* Work item *
For the entries below, repeat exactly each line starting with the one that contains "ST 5 Cellular" and going on through the one that contains "AI-Driven Learning and", and no others.

Source data
● ● ● ● ●
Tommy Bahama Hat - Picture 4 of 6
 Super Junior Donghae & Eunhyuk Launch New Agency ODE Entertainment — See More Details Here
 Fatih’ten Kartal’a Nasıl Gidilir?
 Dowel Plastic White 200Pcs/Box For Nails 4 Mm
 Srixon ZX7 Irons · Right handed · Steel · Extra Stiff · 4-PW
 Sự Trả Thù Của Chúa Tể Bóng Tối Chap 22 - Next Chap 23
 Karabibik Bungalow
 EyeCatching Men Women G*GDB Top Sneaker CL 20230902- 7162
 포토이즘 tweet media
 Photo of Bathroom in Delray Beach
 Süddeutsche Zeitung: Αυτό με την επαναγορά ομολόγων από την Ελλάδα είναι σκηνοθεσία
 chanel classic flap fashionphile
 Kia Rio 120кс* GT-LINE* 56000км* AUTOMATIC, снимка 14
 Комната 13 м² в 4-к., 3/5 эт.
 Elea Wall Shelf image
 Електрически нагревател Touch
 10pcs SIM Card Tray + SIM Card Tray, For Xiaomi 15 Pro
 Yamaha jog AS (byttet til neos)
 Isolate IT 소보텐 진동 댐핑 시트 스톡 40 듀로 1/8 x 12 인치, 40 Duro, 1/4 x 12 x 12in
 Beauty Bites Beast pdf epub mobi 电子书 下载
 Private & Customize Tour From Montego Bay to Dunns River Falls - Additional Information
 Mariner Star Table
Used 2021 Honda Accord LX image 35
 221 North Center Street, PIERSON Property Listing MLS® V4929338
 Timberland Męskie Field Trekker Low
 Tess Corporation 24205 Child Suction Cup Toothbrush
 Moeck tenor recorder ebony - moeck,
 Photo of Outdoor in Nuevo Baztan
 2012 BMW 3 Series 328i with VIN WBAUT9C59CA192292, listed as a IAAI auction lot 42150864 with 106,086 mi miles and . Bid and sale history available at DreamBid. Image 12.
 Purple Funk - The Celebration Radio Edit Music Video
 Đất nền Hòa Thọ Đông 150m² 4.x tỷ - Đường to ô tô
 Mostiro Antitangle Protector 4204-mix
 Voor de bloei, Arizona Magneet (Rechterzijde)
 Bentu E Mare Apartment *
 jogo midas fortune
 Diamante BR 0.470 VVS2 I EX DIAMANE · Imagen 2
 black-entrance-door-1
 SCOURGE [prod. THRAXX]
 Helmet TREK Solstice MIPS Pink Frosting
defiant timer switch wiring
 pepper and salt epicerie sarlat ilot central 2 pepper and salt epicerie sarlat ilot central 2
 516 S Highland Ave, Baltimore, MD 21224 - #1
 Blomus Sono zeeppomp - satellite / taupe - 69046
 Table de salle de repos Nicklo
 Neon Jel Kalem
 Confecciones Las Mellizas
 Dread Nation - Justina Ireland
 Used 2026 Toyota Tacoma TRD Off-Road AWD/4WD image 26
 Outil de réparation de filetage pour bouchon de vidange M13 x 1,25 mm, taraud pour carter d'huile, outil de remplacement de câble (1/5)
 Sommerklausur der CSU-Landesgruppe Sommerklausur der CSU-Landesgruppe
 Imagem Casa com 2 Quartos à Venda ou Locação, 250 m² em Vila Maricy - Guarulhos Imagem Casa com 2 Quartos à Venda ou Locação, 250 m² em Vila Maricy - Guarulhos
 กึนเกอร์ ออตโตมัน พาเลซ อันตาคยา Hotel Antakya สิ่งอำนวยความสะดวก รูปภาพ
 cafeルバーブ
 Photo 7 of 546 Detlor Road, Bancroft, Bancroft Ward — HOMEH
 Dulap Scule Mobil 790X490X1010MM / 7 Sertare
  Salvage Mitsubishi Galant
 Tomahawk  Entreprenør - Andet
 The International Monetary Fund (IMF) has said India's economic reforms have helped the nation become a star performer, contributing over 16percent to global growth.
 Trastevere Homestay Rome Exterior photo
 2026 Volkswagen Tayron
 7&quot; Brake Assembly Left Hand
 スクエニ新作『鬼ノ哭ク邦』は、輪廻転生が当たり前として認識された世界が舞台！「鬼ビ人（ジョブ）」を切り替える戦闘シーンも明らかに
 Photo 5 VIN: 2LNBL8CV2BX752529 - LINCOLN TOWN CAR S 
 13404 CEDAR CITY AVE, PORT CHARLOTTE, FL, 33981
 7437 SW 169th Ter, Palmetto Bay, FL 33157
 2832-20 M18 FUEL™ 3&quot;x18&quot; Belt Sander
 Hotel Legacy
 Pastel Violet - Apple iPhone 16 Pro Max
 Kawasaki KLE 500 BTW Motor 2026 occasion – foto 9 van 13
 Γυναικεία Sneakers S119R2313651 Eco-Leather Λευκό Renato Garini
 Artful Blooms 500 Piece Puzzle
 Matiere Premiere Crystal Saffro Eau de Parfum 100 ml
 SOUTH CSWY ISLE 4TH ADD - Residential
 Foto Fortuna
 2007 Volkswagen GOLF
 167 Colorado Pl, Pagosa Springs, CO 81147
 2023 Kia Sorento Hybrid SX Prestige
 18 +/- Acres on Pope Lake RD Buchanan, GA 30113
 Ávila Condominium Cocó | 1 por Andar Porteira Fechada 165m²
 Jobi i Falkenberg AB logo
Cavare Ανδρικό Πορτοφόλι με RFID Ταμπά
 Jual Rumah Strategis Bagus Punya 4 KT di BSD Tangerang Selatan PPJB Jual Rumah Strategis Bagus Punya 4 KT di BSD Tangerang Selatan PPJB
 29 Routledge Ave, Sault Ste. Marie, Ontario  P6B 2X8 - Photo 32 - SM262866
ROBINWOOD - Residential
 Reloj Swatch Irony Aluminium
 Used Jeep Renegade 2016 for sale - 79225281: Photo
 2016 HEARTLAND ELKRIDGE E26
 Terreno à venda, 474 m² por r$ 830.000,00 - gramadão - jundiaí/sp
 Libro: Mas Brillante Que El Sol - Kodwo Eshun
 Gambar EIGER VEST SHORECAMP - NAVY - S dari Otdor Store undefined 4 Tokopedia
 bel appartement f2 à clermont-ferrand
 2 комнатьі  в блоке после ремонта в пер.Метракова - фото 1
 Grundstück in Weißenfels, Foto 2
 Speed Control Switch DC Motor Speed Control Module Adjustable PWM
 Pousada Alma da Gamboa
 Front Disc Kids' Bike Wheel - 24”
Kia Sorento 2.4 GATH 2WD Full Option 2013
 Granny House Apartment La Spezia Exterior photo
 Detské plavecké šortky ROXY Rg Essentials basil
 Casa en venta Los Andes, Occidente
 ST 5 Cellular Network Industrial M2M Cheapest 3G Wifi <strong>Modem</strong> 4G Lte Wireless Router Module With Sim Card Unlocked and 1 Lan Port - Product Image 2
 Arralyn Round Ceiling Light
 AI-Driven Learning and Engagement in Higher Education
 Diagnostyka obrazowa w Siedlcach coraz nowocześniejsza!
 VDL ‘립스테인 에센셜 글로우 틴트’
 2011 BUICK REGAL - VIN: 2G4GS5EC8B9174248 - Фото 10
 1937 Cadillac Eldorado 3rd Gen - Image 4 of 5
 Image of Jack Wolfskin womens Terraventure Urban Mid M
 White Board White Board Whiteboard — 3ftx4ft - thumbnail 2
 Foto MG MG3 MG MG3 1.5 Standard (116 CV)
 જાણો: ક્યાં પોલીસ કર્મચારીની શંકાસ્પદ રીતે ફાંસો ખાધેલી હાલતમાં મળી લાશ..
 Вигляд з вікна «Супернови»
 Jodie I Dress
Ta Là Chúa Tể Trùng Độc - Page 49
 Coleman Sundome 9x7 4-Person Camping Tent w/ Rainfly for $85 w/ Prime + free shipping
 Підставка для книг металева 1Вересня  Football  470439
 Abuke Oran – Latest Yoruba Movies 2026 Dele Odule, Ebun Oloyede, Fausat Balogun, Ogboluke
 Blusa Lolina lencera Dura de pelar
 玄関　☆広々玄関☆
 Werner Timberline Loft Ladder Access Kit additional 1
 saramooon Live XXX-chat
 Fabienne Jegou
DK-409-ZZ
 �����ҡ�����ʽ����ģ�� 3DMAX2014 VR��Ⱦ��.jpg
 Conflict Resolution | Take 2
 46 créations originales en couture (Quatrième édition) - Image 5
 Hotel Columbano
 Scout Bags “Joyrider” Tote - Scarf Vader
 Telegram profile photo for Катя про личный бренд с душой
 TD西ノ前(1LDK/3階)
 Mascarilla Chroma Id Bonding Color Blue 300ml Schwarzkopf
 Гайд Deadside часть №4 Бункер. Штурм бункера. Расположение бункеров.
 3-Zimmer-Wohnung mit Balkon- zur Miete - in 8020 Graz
● ● ● ● ●
* Problem solution *
 ST 5 Cellular Network Industrial M2M Cheapest 3G Wifi <strong>Modem</strong> 4G Lte Wireless Router Module With Sim Card Unlocked and 1 Lan Port - Product Image 2
 Arralyn Round Ceiling Light
 AI-Driven Learning and Engagement in Higher Education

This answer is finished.